Additional studies were required in projects where the IDB’s safeguard policies were applied later in the project cycle, which added real costs to the implementation of safeguards. This limits the potential to consider a wider spectrum of sustainability issues, evaluate alternative project sites, and implement sustainable design considerations. In the case of projects with Environmental Impact Assessments (EIAs) already approved by local authorities, the IDB had to analyze the documentation to detect possible gaps and ensure compliance with its standards. In some cases, additional studies were necessary to complement the existing documents, creating the need to communicate the benefits of applying safeguards to the sponsors.

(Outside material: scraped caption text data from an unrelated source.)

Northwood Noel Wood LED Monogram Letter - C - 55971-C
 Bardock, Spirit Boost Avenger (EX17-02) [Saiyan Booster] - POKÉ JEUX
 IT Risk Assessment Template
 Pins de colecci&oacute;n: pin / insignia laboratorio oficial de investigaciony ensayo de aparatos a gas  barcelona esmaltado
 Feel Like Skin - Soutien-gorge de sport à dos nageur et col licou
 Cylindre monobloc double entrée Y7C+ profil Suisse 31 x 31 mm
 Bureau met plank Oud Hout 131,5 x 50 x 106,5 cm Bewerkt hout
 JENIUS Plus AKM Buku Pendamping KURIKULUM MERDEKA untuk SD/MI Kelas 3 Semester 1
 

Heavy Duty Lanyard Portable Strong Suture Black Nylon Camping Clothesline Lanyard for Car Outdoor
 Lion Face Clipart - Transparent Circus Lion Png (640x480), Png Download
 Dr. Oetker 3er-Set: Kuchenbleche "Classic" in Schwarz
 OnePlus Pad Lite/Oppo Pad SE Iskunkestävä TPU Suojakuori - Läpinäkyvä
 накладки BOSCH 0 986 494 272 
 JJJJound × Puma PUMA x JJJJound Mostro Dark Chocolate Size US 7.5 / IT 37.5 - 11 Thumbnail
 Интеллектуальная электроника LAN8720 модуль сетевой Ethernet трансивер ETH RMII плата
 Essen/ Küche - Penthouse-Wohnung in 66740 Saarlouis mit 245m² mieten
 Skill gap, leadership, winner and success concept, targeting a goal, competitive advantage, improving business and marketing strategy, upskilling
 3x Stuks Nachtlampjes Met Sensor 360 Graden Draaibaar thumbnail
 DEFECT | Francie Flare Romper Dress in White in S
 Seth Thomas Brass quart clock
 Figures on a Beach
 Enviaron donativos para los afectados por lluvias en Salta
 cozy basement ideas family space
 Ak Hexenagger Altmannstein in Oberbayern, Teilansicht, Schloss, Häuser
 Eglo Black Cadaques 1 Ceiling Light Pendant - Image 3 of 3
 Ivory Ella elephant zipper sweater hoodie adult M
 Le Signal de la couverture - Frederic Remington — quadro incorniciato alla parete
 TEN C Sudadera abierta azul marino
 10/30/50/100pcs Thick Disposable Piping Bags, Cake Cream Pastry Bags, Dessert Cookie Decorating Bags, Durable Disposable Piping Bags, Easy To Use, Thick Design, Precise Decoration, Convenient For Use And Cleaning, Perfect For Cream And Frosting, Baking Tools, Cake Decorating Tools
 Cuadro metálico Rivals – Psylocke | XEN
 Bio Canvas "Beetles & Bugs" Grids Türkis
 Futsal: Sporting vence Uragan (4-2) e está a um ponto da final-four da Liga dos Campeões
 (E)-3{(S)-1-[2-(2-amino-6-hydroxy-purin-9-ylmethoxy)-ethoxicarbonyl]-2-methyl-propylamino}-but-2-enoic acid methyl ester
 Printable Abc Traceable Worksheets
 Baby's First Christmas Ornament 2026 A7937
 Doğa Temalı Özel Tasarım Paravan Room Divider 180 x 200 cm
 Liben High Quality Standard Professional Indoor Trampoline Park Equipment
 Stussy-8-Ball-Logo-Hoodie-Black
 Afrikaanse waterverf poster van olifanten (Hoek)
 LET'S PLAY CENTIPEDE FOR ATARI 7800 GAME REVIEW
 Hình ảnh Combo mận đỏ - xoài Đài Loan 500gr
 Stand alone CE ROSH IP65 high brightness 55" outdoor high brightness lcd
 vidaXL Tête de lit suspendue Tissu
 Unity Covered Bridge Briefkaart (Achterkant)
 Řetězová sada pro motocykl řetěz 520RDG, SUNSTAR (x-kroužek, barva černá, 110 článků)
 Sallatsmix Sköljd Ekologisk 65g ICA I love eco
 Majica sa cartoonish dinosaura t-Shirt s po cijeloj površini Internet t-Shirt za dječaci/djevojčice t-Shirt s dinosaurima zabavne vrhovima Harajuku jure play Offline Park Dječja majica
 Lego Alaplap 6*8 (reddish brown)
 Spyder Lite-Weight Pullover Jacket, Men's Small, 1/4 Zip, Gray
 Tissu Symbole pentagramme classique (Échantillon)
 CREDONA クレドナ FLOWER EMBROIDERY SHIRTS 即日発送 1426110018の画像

When projects are better planned from the beginning, the crucial safeguard concepts will most likely be covered, minimizing the need for additional studies; but, as was observed in the analysis, sponsors do not necessarily consider all the potential negative externalities of a project. In cases where the IDB was involved late in the project cycle, the percentage of Envision points influenced by safeguard specialists through initiatives exceeding the scope of the projects was far greater than in cases where the IDB was involved early in the project cycle. This further underscores the importance of the IDB getting involved early in the project cycle and focusing more on upstream work, so as to maximize the critical issues that are considered in advance in a timely manner.
Safeguards in practice – The case of early involvement in Ecuador and Brazil
Two project examples of early safeguards involvement are seen in the New Quito International Airport in Ecuador and the Serra do Mar and Atlantic Forest Mosaics System Socio-Environmental Recovery project in Brazil. Evaluations from the Envision Rating System for Sustainable Infrastructure showed higher levels of achievement when the IDB was involved early during the planning project phase. Both projects achieved high Envision scores addressing multiple sustainability aspects, especially in relation to social, environmental, and management dimensions.
New Quito International Airport project, Ecuador
The New Quito International Airport project included the construction and operation of a new airport, the development of a new trade zone in the area, and the closure of the old airport in Quito, Ecuador. The new airport opened in February 2013 after seven years of construction. The IDB was involved early during the final design studies, which allowed experts to help guide the preparation of an EIA to IDB standards.
The IDB improved the project by enhancing management practices at the old airport, ranging from a comprehensive soil and water contamination analysis to preventing inadequate practices of tenants. These management practices were the foundation of the environmental and social management framework at the new airport. As for the new airport, the IDB actively participated in the revision of design specifications to achieve zero discharge of effluents and adequate air pollution control. Measures to raise health and safety standards and working conditions for workers were also incorporated. For operations, the IDB required noise modeling and zoning plans to assist the authorities with the development of the surrounding regions. In addition, experts encouraged the construction of a training education center to expand the skill set of workers and help nearby citizens pursue employment opportunities generated by the project.
Serra do Mar and Atlantic Forest Mosaics System Socio-Εnvironmental Recovery project, Brazil
The Serra do Mar and Atlantic Forest Mosaics System Socio-Εnvironmental Recovery project included social investments for families in risk-prone areas, and creation and monitoring of ecological conservation units in Sao Paulo, Brazil. New infrastructure includes construction of new housing and park facilities. The IDB actively participated in the design of the project from its earlier stages. Authorities didn’t require an Environmental Impact Assessment, however, the IDB asked for a Simplified Environmental Analysis (EAS), focusing on social and resettlement requirements. The IDB also included an institutional and financial consultancy program, as well as a consultancy for the monitoring and auditing plan.
Safeguards ensured that the resettlement process was based on meaningful community participation. This empowered the community, which proposed multiple social initiatives. The process started by creating a multi-criteria matrix in order to identify specific needs and prioritize the most vulnerable community groups. This led the team to provide case-by-case solutions and alternatives. A post-resettlement plan was also considered, including specialized personnel to support families in the process of adapting to live in community in the new housing projects.
Overall, the early involvement of the IDB in projects plays a key role in addressing aspects often underestimated by sponsors or not covered by national regulations. Ultimately, detecting gaps in advance and making small adjustments during the planning phase helps minimize costs and produce better projects.